Risks and Complications

  • Minor pain or bruising at the needle site.
  • Rarely, there might be slight dizziness or fainting during the blood draw.


  • Early detection of HIV-1 infection can lead to timely treatment and better health outcomes.
  • Helps in reducing the spread of the virus to others.
  • Peace of mind if the test result is negative.


  • No recovery time needed; normal activities can be resumed immediately.
  • Follow-up appointments may be necessary based on test results.
  • Counseling and additional tests may be required if the result is positive.

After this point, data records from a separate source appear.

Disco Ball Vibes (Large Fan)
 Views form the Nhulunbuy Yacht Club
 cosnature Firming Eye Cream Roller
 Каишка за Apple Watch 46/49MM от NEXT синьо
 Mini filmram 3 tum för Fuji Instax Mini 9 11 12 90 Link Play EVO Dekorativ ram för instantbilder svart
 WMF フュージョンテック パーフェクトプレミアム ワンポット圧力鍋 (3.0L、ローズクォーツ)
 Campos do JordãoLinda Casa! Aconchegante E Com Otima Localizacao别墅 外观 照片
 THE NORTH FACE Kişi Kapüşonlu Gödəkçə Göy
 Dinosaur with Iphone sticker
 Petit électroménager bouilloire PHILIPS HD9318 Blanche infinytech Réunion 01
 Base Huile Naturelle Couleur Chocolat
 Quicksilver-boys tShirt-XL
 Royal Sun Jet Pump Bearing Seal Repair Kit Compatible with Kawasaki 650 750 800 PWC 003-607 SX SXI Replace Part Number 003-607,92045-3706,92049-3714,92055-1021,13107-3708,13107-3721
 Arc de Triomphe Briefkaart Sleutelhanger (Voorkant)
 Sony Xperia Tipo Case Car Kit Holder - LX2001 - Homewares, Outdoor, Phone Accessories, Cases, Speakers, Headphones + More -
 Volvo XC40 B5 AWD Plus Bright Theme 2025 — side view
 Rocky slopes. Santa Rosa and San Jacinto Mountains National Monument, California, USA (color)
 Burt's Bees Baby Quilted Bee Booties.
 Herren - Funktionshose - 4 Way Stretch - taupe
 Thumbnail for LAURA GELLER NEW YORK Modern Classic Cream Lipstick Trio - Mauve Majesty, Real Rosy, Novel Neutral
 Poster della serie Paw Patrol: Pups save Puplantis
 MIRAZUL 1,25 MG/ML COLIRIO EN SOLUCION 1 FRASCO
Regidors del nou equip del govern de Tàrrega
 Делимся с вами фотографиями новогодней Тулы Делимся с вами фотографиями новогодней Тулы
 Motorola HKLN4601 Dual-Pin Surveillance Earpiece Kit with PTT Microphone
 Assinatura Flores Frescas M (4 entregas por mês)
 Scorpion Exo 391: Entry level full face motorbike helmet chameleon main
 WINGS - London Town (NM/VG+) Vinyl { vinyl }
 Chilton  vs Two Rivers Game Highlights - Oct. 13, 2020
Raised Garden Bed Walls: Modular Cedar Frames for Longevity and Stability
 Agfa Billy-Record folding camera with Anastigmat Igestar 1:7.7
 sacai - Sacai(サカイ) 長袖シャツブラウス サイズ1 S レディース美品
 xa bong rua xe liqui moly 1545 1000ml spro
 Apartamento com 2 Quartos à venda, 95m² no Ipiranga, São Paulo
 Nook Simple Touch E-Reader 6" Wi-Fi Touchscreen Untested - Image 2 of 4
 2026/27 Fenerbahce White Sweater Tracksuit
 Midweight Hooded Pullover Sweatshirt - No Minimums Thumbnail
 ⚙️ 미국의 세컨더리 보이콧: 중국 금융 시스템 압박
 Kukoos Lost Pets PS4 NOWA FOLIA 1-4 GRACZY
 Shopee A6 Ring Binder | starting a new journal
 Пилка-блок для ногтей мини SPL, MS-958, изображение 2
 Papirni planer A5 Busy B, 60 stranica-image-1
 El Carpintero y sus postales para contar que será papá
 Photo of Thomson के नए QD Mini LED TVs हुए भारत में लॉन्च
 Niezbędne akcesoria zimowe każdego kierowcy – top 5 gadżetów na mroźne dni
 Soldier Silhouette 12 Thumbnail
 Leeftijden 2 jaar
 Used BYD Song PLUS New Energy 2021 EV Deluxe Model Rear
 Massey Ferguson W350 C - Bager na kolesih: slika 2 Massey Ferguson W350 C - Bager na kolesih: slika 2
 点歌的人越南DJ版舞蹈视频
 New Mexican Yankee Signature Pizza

  • Home HIV testing kits are available that allow individuals to collect a sample in the privacy of their home.
    • Pros: Convenience, privacy.
    • Cons: May require confirmatory testing in a clinical setting.
  • HIV RNA tests detect the virus directly and can identify infection earlier than antibody tests.
    • Pros: Earlier detection.
    • Cons: More expensive, not widely available for initial testing.

Patient Experience

  • The blood draw is typically quick and causes minimal discomfort.
  • Rapid tests provide immediate results, which can cause anxiety while waiting.
  • Positive results may lead to initial emotional stress but result in a care plan for managing health.
  • Comprehensive counseling and support services are often provided to help patients understand and adjust to the diagnosis.

Pain management is minimal as the blood draw is a mild procedure, with comfort measures provided if needed.